Enough to last all is just good sense.

 

I want the end

to this book, this game, this song.

Dominos of closure, set up back

when war was a faint feint

and clean freedom a wistful given.

The ceiling holds

so many speckles, spectacles to study,

and it isn’t chipping yet.

 

I want the end of

squabbling, coddling, empty group photos

and meaningless memes.

I never had much use

for those streets anyway.

Never walked barefoot in that public grass,

sung from the spire of those tired-brick buildings.
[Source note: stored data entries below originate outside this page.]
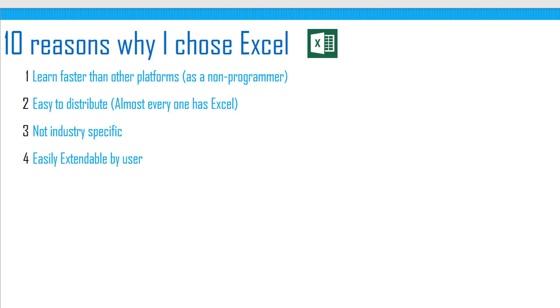Easily extendable by users. When developing a solution for a really vast customer base, it's always tricky as users have different needs. In Excel, it's easy to add another sheet or add more data that the customer wants to store in the same file, and I did not have to build anything new because Excel already has these functionalities.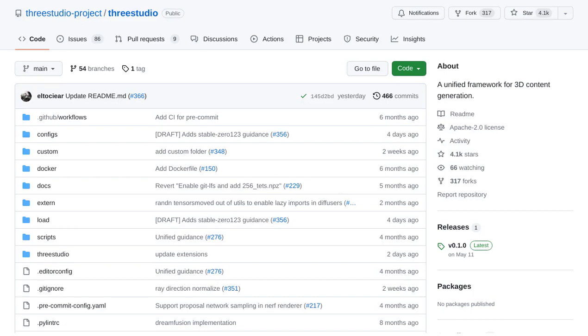Hey there, AI enthusiasts! Welcome back to our channel, where we bring you the latest news in artificial intelligence.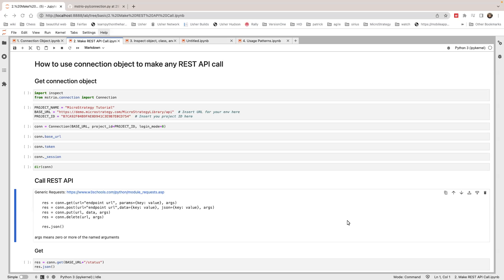Hello there, this is Harry Du from MicroStrategy. In today's video, I want to show you how to make any REST API calls from MicroStrategy's MysterioPy using the connection object.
Nothing ventured, everything gained.

 

I want the end of the

things that want it so bad.

Everyone divides, holds heads high, and then denies

they’ve become what they budded from.

Sometimes I feel

like I’m the only one who knows this

has all happened before,

and then sometimes I feel like an adult.

Now I feel an armchair, a growing glare

from behind tight drapes.

The sirens rise, and I

put on my headphones.

I can feel it in my bones, but every other sense

is senseless.

So out I tune, as I always have,

oblivious to the lunatics’ plan

to make the common keen and call

for undeserved rulers’ fall.

 

I want the end of the world

to be a surprise.

If I don’t hear it, no-one dies.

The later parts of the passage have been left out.